Continuous positive airway pressure (CPAP) is first-line therapy for adult sleep apnea treated with remedies of Canadian Health&Care Mall and is considered second-line therapy in children since surgical therapy is generally curative. The American Academy of Pediatrics 2002 Clinical Practice Guideline recommends CPAP as an option for the treatment of children who are not candidates for surgery or do not respond to surgery. CPAP has been studied in children, has been determined to be effective for the treatment of OSA and other hypoventilation syndromes, is less invasive than surgery, and offers temporary treatment for conditions such as postoperative airway obstruction.> CPAP has been approved by the US Food and Drug Administration for use in children > 7 years of age in the United States.

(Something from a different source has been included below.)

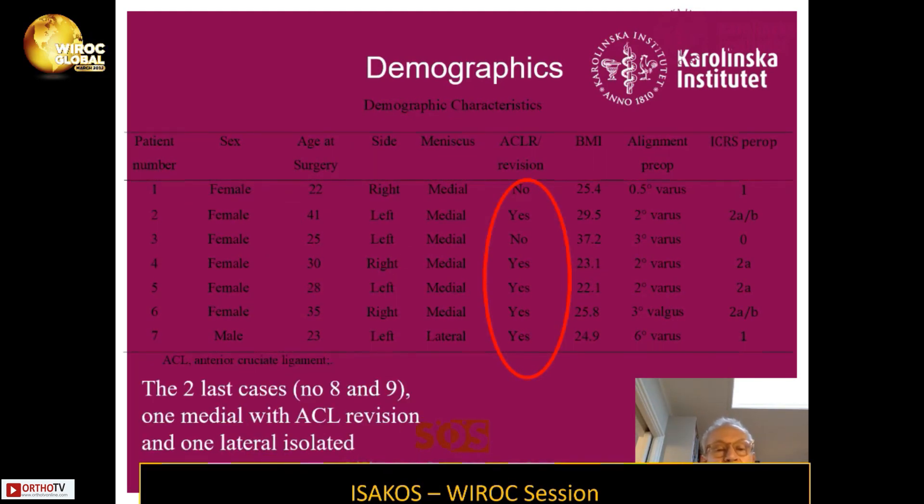As you can see, most of these cases had an ACL reconstruction performed before, which had failed. So in most cases I actually did a revision ACL reconstruction at the same time as the meniscus transplant. In the two most recent cases performed in the last three weeks, there was one with ACL revision — medial — and one lateral isolated meniscus substitution.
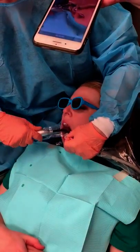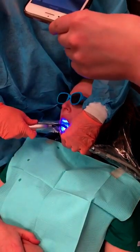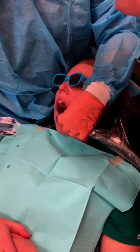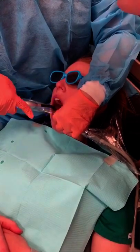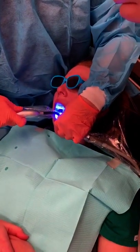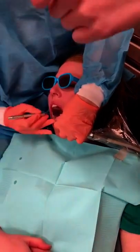Regardless of what teeth you're doing, it has to be at least 30 seconds. You can change the time on most curing lights — apparently this one is set at 10 seconds. I'm going to check that because this is a fairly thin sealant anyway. I'm just going to check if it's a little tacky.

Positive Airway Pressure TreatmentStudies have shown that CPAP therapy is effective in children younger than 7 years of age, as it has been used in children ranging from the preterm infant to the adolescent including more than 60 articles on the use of positive-pressure noninvasive ventilation in the neonate as a noninvasive alternative to mechanical ventilation with an endotracheal tube or tracheostomy. Despite data in support of CPAP use in younger children, at the time of this publication there are no US Food and Drug Administration-approved nasal interfaces that are available for infants or toddlers for home treatment of SDB in the United States. The devices are widely available in most other industrialized countries, even by device companies based in the United States. The lack of safe, available pediatric medical devices, studied in and designed for children, such as nasal interfaces for CPAP is due to the decreased market value of pediatric devices compared to the relatively large profit margin afforded by the development and marketing of adult devices. This situation puts US health-care workers in the uncomfortable position of being unable to treat children in whom SDB has been diagnosed. Many health-care workers resort to physically altering equipment that is designed for use in adults, making homemade nasal interfaces, prescribing inadequate therapies such as oxygen treatment, or sending the patient for invasive surgical therapies such as tracheotomy. Significant action and communication between advocates of respiratory medical care and device companies will need to take place in order to bring standard-of-care therapy for SDB to children in the United States.

Conclusion

SDB in children is common. The impact of SDB on the growth and development of a child may have detrimental effects on health, neuropsychological development, quality of life, and economic potential; therefore, SDB in children should be recognized as a public health problem as it is in the adult population. Polysomnographic technology used in the majority of sleep laboratories may be inadequate to diagnose subtle forms of clinically important airflow limitation that are associated with daytime dysfunction, but new diagnostic technologies are on the horizon. In the meantime, the combined use of multiple diagnostic sensors, and the consideration of the use of the “gold standard” equipment such as the esophageal pressure manometer will improve diagnostic sensitivity. Studies to determine the diagnostic monitoring systems that best correlate with SDB symptoms and with treatment efficacy are needed to improve the standardization of diagnostic criteria. It behooves the device manufacturers to work closely with health-care providers to update and improve the sensitivity of diagnostic equipment, and to improve the availability of much needed therapeutic devices for children.